2.Weakness not spotted out by collective results: Financial accounting discloses only the net result of the collective activities of a business as a whole. It does not indicate profit or loss of each department, job, process or contract. It does not disclose the exact cause of inefficiency i.e., it does not tell where the weakness is because it discloses the net profit of all the activities of a business as a business as a whole. It can be compared with a reading on a thermometer. A reading of more than 98.4° or less than 98.4° discloses that something is wrong with human body but the exact disease is not disclosed. Similarly,loss or less profit disclosed by the profit and loss is a signal of bad performance of the business but the exact cause of such performance is not known.
3.Not helpful in the price fixation. In financial accounting costs are not available as an aid in determining prices of the products, services, production order and lines of products.
4.No classification of expenses and accounts. In financial accounting there is no such system by which accounts are classified so as to give data regarding costs by departments, processes, products in the manufacturing divisions; by units of product lines and sales territories; by departments, services and functions in the administrative division. Further expenses are not classified as to direct and indirect items and are not assigned to the products at each stage of production to show the controllable and uncontrollable items of overhead costs.

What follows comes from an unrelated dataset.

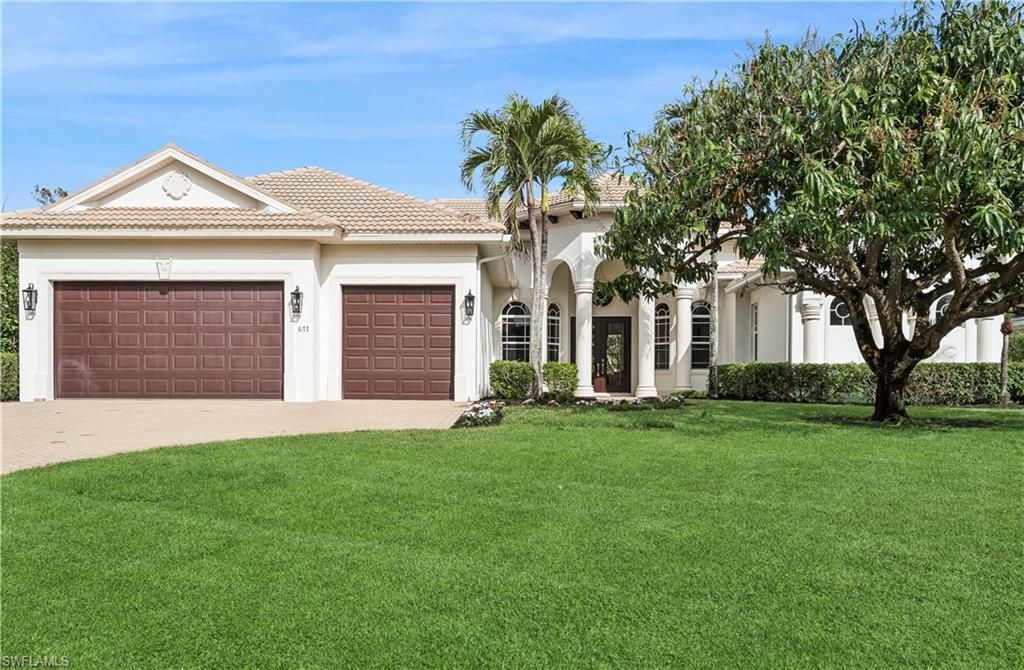 677 5th Ave N, Naples, FL 34102 Photo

5.No data for comparison and decision making. It does not supply useful data to management for comparison with previous periods and for taking various financial decisions as introduction of new products, replacement of labour by machines, price in normal or special circumstances, producing a part in the factory or buying it from outside market, production of a product to be continued or given up, priority accorded to different products, investment to be made in new products or not etc.
6.No control on cost .It does not provide for a proper control of materials and supplies, wages,labour and overheads.

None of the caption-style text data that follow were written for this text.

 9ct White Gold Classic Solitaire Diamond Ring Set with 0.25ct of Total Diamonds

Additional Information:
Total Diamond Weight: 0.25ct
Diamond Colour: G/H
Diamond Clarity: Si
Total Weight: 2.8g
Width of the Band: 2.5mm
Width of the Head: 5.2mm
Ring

7.No standards to assess the performance. In financial accounting there is no well developed system of standards to appraise the efficiency of the organization in the use of materials, labour and overhead costs by comparing the work of labourers , clerks,salesmen and executives which should have been accomplished in producing and selling a given number of products in an allotted period of time. It does not provide information to assess the performance of various persons and departments and to see that the costs does not exceed a reasonable limit for a given quantum of work of the requisite quality.
8.Provides only historical information. Financial accounting is mainly historical and tells about the cost already incurred. It does not provide day-to-day cost information to the management for making effective plans for the coming year and the period after that as financial data are summarized at the end of the accounting period.

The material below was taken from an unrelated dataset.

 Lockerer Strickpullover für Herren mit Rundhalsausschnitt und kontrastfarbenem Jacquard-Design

9.No analysis of losses. It does not provide complete analysis of losses due to defective material, idle time, idle plant and equipment. In other words,no distinction is made between avoidable and unavoidable wastage.
10.Inadequate information for reports. It does not provide adequate information for reports to outside agencies such as banks, government, insurance companies and trade associations.
11.No answer for certain questions. Financial accounting will not help to answer such questions as -(a)Should an attempt be made to sell more products or is the factory operating to capacity? (b)If an order or contract is accepted, is the price obtainable sufficient to show profit? (c)If the manufacture or sale of product A were discontinued and efforts made to increase the sale of B,what would be the effect on the net profit? (d)Why the profit of last year is of such a small amount despite the fact that output was increased substantially? (e)If a machine is purchased to carryout a job,at present done by hand, what effect will this have on profits? (f)Wage rates having been increased by 50paise per hour, should selling price be increased, and if so, by how much?
Meaning of Costing and Cost Accounting
        Costing is a technique and process of ascertaining costs. This technique consists of principles and rules which govern the procedure of ascertaining the cost of product/services. The process of costing includes routines of ascertaining costs by historical or conventional costing, standard costing or marginal costing.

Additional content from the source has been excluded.